You've been playing live a lot, and world wide! What do you think of the traveling? Is the audience, engagement and reactions different in other countries?

-To get to travel and meet new people is probably the best thing about this whole project. If it wasn't for Covox I would've seen much less of the world and probably not met as many people. So, even if it's about a gig somewhere in France where they can't pay more than the travel cost I usually do it. If I had the time and energy I'd tour much more.

-The audience is pretty much the same world wide. What kind of response you get is often depending on what kind of event it is. An inauguration to an Andy Warhol exhibit in Berlin doesn't create the same kind of audience you'd get if you performed in a cargo space on a flatboat in Ghent, Belgium.

The first material of yours I came across was the Final Mission EP. You were the first to introduce chiptunes on vinyl for me, I loved that concept. How come you haven't done more vinyl records since then?

-Traditionally this music hasn't got much physical releases, at least not before 2000-2001. People have went with the internet and mp3's. The reason CD is more popular than vinyl at the moment is due to people not having record players as much these days. If you're going to put out a vinyl record it needs to sell at least 500 copies for it to be viable. And if you feel you're not big enough, that's a cost most people want to avoid. That goes both for artists and labels.

How come you got so "big in Japan" as it were? Perhaps I should put it this way instead; how did you spread your music in Japan? Did you know of any particularly good netlabels?

-It was mostly a coincidence. I played there in 2003 and got to know a few people. Then I was approached by a newly started label that wanted to release my debut album. Since then it just worked out. But I wouldn't call myself "big in Japan" really. Sure, a few people might know of me but the scene in Japan, and the cultural climate, is so special and so enormous it's hard to feel like anything else but a drop in the sea.

A lot of the people I've been talking to that makes chiptunes have mentioned Covox as a source of inspiration. So, naturally, I'm curious of what your inspiration is. What have influenced you?

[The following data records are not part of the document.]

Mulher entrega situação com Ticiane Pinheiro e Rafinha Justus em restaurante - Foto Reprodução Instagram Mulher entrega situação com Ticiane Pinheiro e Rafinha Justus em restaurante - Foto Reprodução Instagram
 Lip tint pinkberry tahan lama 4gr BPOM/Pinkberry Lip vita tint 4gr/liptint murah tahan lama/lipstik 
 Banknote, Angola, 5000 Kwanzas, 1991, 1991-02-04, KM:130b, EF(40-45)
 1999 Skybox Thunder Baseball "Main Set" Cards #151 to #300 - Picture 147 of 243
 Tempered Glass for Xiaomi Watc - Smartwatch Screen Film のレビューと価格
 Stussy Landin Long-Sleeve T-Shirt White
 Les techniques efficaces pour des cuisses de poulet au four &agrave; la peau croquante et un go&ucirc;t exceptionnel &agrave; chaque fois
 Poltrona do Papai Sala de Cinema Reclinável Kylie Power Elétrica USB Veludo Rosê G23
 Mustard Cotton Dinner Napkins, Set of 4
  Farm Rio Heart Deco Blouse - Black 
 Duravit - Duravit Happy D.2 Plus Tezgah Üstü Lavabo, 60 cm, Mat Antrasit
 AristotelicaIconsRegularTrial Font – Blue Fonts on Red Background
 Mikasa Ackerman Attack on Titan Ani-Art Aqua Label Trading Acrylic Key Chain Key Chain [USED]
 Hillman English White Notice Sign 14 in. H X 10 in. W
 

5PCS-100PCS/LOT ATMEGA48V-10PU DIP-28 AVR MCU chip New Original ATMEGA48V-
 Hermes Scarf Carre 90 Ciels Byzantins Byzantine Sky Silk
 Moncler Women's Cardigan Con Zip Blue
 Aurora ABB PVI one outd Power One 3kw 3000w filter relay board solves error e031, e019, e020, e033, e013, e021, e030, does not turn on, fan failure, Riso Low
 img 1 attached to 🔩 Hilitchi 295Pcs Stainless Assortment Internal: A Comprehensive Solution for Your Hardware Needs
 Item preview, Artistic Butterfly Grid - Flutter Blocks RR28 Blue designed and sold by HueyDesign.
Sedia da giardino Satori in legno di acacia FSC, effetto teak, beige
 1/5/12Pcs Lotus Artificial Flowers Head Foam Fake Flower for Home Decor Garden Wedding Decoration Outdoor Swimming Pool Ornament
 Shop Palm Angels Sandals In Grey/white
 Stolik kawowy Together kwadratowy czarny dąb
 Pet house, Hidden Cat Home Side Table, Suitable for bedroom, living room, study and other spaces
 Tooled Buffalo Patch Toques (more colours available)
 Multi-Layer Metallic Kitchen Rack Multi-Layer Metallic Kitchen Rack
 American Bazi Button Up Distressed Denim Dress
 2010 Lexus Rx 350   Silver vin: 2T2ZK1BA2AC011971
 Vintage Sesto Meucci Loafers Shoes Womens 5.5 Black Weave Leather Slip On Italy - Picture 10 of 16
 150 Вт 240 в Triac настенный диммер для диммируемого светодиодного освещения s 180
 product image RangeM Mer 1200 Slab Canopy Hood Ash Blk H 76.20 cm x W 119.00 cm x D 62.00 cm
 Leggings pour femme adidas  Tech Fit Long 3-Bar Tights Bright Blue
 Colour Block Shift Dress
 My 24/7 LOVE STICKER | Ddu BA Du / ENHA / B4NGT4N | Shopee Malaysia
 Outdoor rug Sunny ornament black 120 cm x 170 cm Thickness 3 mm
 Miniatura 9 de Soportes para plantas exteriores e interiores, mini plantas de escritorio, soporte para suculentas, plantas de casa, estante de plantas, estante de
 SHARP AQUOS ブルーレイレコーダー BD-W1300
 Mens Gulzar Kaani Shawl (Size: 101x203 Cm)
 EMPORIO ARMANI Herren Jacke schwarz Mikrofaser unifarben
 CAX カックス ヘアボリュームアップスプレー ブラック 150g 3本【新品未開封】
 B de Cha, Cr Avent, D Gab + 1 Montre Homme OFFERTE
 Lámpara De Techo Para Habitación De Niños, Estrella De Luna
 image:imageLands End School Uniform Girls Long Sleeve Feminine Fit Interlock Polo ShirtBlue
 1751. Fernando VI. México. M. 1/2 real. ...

-I was very much into synth when I started Covox. It was a lot of Boytronic, Bakterielle Infektion, Sista Mannen På Jorden, Page and so on. It was in the melodies that I felt I'd finally found my home after doing so much different music. I tried everything from industrial music to triphop before Covox. I was attracted to the fact that you couldn't hide behind the production in this music, the ideas and the melodies made a great song, not the other way around. I didn't have the patience to tweak the songs for too long though, I think that's pretty evident in my early tracks.

-If I were to mention a couple of bands that has meant the most to me it'd be Ministry, Sisters of Mercy, Devo, Boytronic and Frederik Schikowski.

The theme of my zine is inspiration and creativity, so one question you all get is "What inspires you?". So, what inspires you? And this time I'm not thinking about influences to your music, but what inspires you in general, in life?

-Everything inspires me. I can't really point on one single thing as to where the creativity comes from. I read a lot and get fascinated by a thousand things at the same time. Right now it's amateur astronomy, transparant HCI, how to defuse creativity/creation (this is work related), bicycling, improving my bass guitar skills and cooking. I try to squeeze as much fun stuff as I can in to my free time and then I feel bad that I'm not spending it all on Covox. But every once in a while something happens, a creative spark comes out of nowhere, and then you write a song or two.


I really like the mix of chiptunes and song/guitar! I have heard mixes of chiptunes vs hardcore/punk/rock and so on before, but not this kind of stuff. Where did the idea come from?

-It was kind of natural, I guess. I collected a small orchestra of chip instruments and put them to use in a way that I liked. I didn't really have a preconceived notion of the sound.

You are going to New York for the Blip Festival on november 29th, and this is your first performance outside of the UK. Did you originally think Firebrand Boy would get almost 100,000 played songs on myspace, take you overseas etc?

-I'm still convinced that the majority of the 90,386 listens are by my mum. The amazing part of the chip scene is that the diy ethic is applied to all aspects of the movement and not just the technology. People are very keen to arrange concerts, festivals, workshops, releases and parties. Its really inspiring.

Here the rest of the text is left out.